Spark plug discolorations after a run are an accumulative indication of engine temperature. The spark plug plating discolorations after a run indicate the portion of the spark plug that experienced higher temperature somewhere on that run. Spark plug readings are most effective when a strong baseline is developed. If spark plugs are not discolored after a run, then either the engine is too rich or way too lean. Excess fuel will cool the engine if it is too rich. Not enough heat in the engine can occur for extreme leanness as well. Both of these can provide the same wet plug reading but with a different tuning need.
When developing a new setup without a good baseline, reading the spark plug color can be misleading. We saw many tuners with new setups who were lost when they tried using only spark plug color as a tuning indicator. If spark plugs are reused for several runs, then heat indications may not be reliable at all, especially if tuning changes were done between those runs. When a good baseline is already established, location and amount of heat indications on the spark plugs can indicate tuning characteristics.

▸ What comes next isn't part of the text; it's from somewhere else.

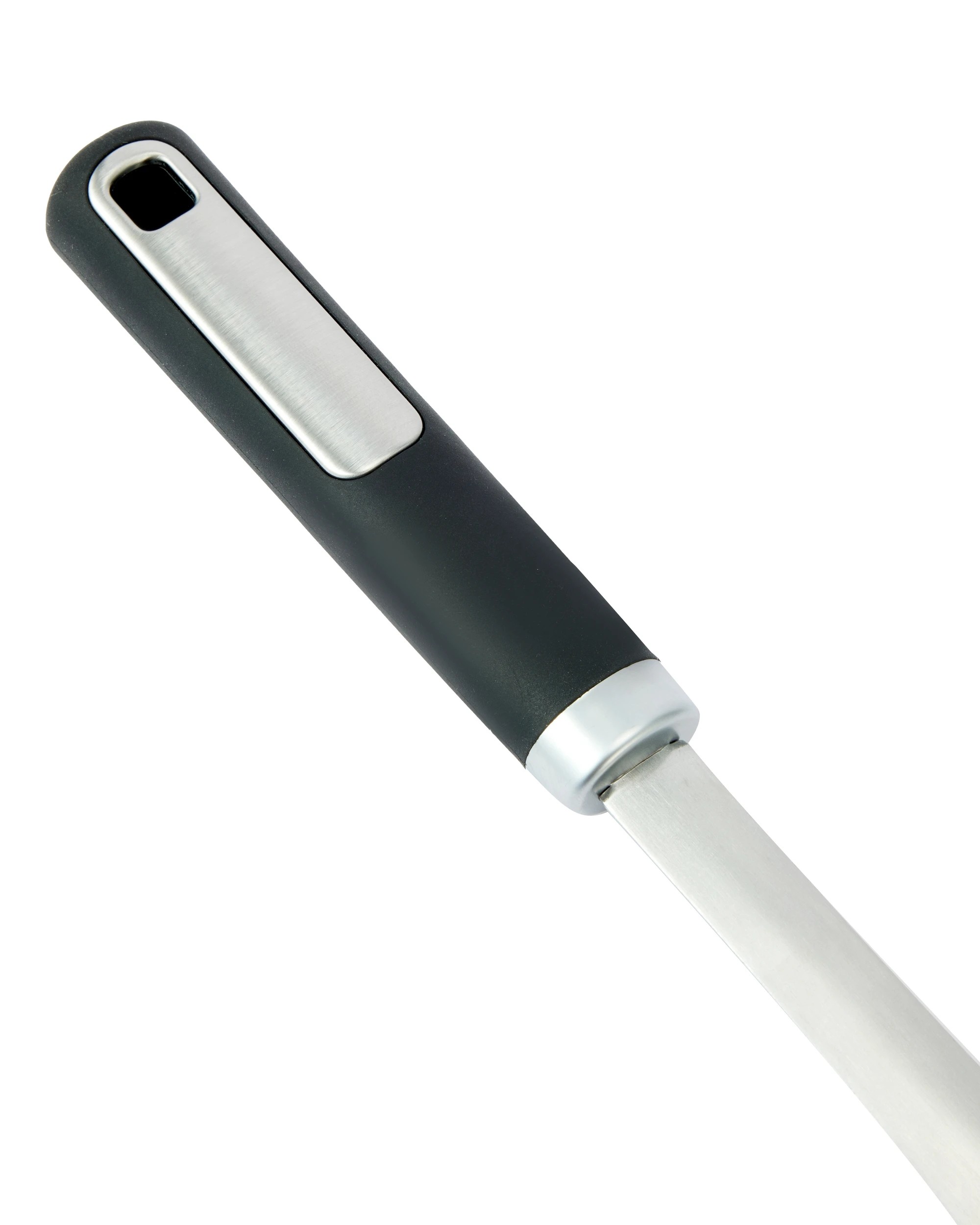 3 Silicone & Stainless Steel Large Slotted Turner with Soft Touch Handle, 3 of 5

However, those indicators may occur at the beginning, middle, or end of the run. The only way to sort out the difference is to make launch-only test runs and read the plugs. Then make half-passes and read the plugs. Then make full-passes and read the plugs. This would indicate where the spark plug color is occurring. If spark plug heat indications appear in the test sequence, at least one new spark plug should be installed to examine the effect from the next sequence of testing.
Discoloration of threads on plated park plug indicate tuning characteristics. Plating from different suppliers discolors at different temperatures. Note thread color differences between NGK’s on the left and Champion’s on the right. The presence or absence of a spark plug washer affects the reading as well. Photo taken from “Fuel Injection Racing Secrets” by Bob Szabo.
Several brands of spark plugs are plated, however platings from different brands discolor at different temperatures. Heat indications from different brands may be dramatically different for a specific tune-up. For a new setup, sticking with a single brand may simplify tuning from more consistent heat indications. If the spark plug brand is changed, prior spark plug reading indicators may change. A different brand may look colder or hotter than the brand used to develop a baseline.
When the arc in a spark plug ignites, only the oxygen and fuel molecules go through the arc when it is firing. That is an extremely small percentage of the total molecules of oxygen and fuel to combust in the chamber. Combustion is further dependent on a flame front from subsequent oxygen and fuel burning throughout the cylinder. That flame front is completely dependent on the air/fuel ratio. A rich mixture slows down the flame front. A moderate rich to moderate lean mixture speeds up the flame front. An excessively lean mixture slows down the flame front. Rich or lean indications from spark plug readings alone can be confusing. A good air/fuel ratio baseline in addition to spark plug readings can ensure consistency in your setup.